В последние годы на Западе процессу Иисуса Христа посвящено немало книг (О. Уинтер, Х. Д. Шонфилд, У. Р. Уилсон и др.). Одними из последних попыток интерпретировать суд Пилата являются исследования профессора Манчестерского университета С. Брэндона. Этот английский ученый принадлежит к той, численно преобладающей среди западных историков и теологов группе, которая безосновательно считает доказанной историчность Иисуса и снимает вопрос о том, повествуют ли Евангелия о реально существовавшем лице. Тем не менее и эти исследователи, следуя немецкой протестантской теологии XIX — начала XX в., не склонны принимать на веру рассказы евангелистов и стремятся при помощи утонченной критики новозаветных источников составить «подлинную картину» жизни Иисуса, до неузнаваемости искаженной стараниями апологетов.

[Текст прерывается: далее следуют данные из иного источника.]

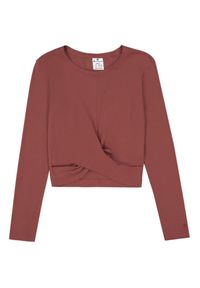 Champion - Crop Top Damski Z Okrągłym Dekoltem 117435 MS524. Kolor: brązowy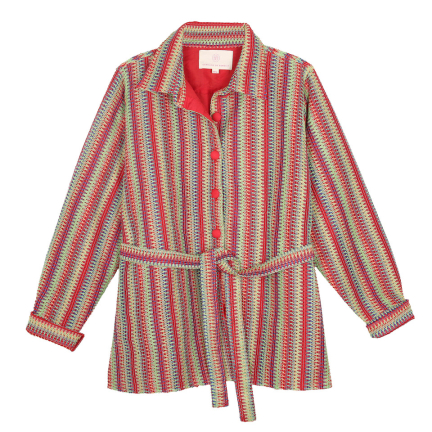VESTE TISSEE CEINTUREE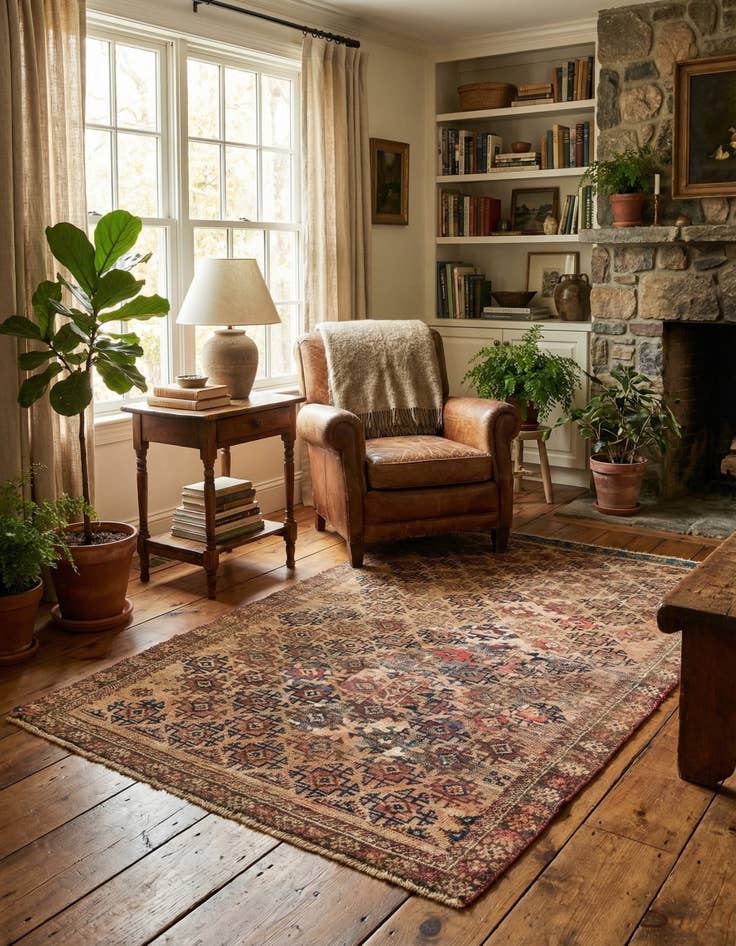 Detail image of 3' 1 x 5' 5  Hand Knotted Ultra Vintage Persian Wool Rug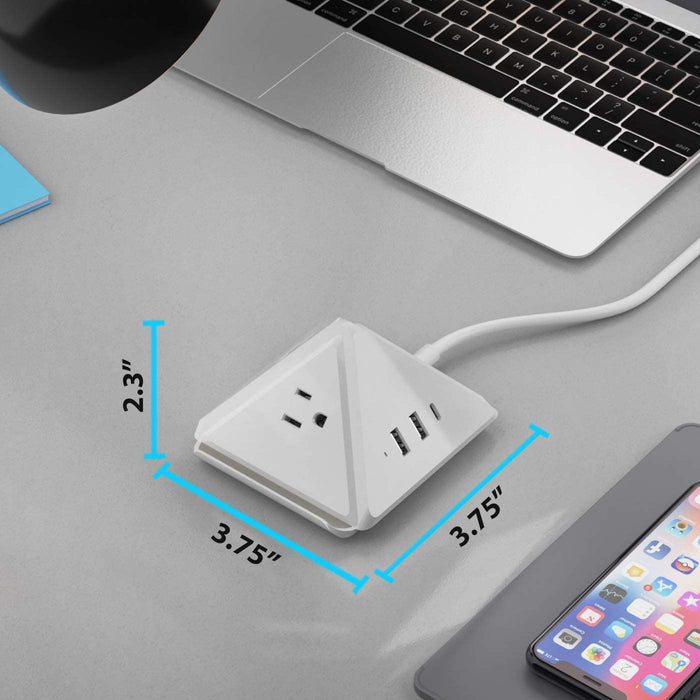 21W 6 in 1 USB Power Strip - Grounded Dual USB + USB-C - 2 USA Input - (PS-3B3U-21W)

«Как бы это ни звучало иронически, — начинает Брэндон одну из своих последних монографий, — самое несомненное из известного об Иисусе из Назарета — это, что он был распят римлянами как мятежник, выступающий против их администрации в Иудее. Этот факт зафиксирован в четырех христианских Евангелиях, казнь по приказу Понтия Пилата упоминается римским историком Тацитом, писавшим в начале второго века».

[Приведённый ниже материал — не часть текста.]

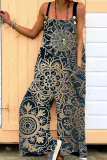 Fashion Print Patchwork Square Collar Loose Jumpsuits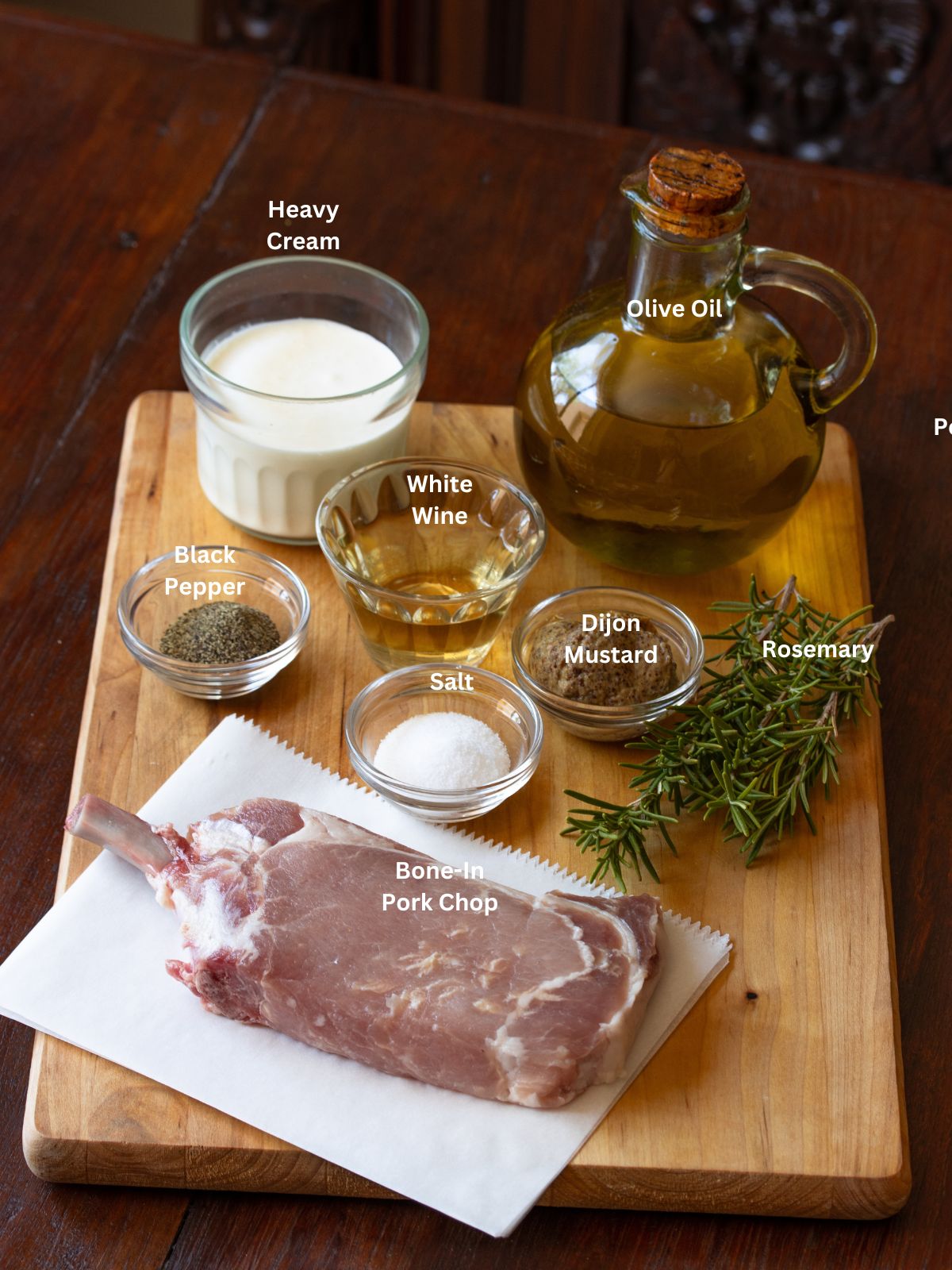 Ingredients needed to create this bone in pork chops with mustard sauce.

Между тем и автор первого по времени Евангелия Марка, и остальные евангелисты прилагают отчаянные усилия, не смущаясь явными противоречиями и несообразностями, представить Иисуса мирным проповедником, учившим повиновению властям. Иисус оказывается невинной жертвой ненависти иудейского духовенства, которой с крайней неохотой уступила римская власть в лице Пилата. В годы проповеди Иисуса Иудея кипела возмущением: то здесь, то там вспыхивали сурово подавляемые бунты (о них подробно повествует Иосиф Флавий), набирали силу «непримиримые» — зелоты, возглавившие отчаянную борьбу против римского владычества в 68–73 годах. Обо всем этом ни слова нет в Евангелиях — и это умолчание, разумеется, совсем не случайно. Конечно, оно могло быть вызвано желанием отгородить Иисуса от всякого соприкосновения с уже ушедшей в прошлое политической борьбой в далекой Палестине, чтобы тем более оттенить его роль проповедника вечной Божественной истины. Но самое это желание изъять Иисуса из политической реальности Палестины первой половины I в. н. э. должно было, в свою очередь, быть порождено серьезными и вполне земными причинами. Характерная деталь. В числе двенадцати апостолов Евангелия указывают Симона Кананита. В Евангелии Марка термин «кананит» явно с умыслом не разъясняется — в отличие от других понятий, которые даются в переводе, что привело даже к ошибочному выведению названия «кананит» из места, откуда должен был происходить Симон (например, Каны Галилейской). Однако в Евангелии Луки (IV, 15) и «Деяниях святых апостолов» (I, 13) дается перевод с арамейского (разговорного языка тогдашней Палестины) слова «кананит», что означает «зелот». Иначе говоря, один из учеников Иисуса, если судить по его прозвищу, был сторонником партии ярых противников чужеземного господства, возглавившей позднее вооруженную борьбу против римлян. Новый завет ничего не сообщает о судьбе Симона, но существует предание, что он проповедовал христианство в Египте и Персии, где подвергся казни.